Kruspel's impressive ecological resumé also includes stints as site leader in London for TD Bank Group's national TD Tree Days program. In London alone last September, the one-day event brought together more than 250 employees and community volunteers to plant almost 2,000 trees in two locations in the city. "It's a ton of fun," he says with a smile. "It really embodies TD's mission to enrich the lives of customers, colleagues and communities." In 2008, TD Bank Group became the first - and is still the only - major Canadian financial institution to create the position of Chief Environment Officer. "At that time," says Karen Clarke-Whistler, an environmental scientist who has served in the role since its inception, "we started to recognize more the importance of the environment as an economic lever, and that we needed to understand that better - not only from a risk perspective, but from an opportunity perspective."
TD Bank Group also maintains an Environmental Steering Committee comprised of senior-level executives from across the company. Clarke-Whistler says TD's environmental initiatives are aimed at advancing two main goals. The first is to address climate change and support the transition to a low-carbon economy. And, secondly, to build stronger communities by expanding and enhancing urban green space and the activities that occur within them. "Our whole strategy," she notes, "is to embed the environment into our core business."
To reduce its carbon footprint, for example, TD Bank Group is carbon neutral and promotes green building design in all new construction and renovations. Over the past five years, it has improved energy efficiency in all its buildings by 17 per cent per square foot. The bank's pioneering Flex Workplace program has also reduced commuting and business travel through redesigned work spaces and policies that accommodate flexible work patterns.
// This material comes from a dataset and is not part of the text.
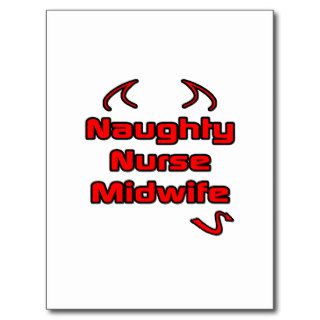 Naughty Nurse Midwife Postcards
Clarke-Whistler says surveys consistently show that TD's commitment to the environment is a deep source of pride for employees, and they're actively involved in supporting it. The company has 55 green teams in locations across North America, which help to educate and coordinate environmental activities across the country -- from educational initiatives to volunteer work with the longstanding TD Friends of the Environment Foundation. In 2017, TD's Canada 150 celebrations are engaging employees and communities through the #TDCommonGround Project, a national initiative that will enhance over 150 local parks and green spaces.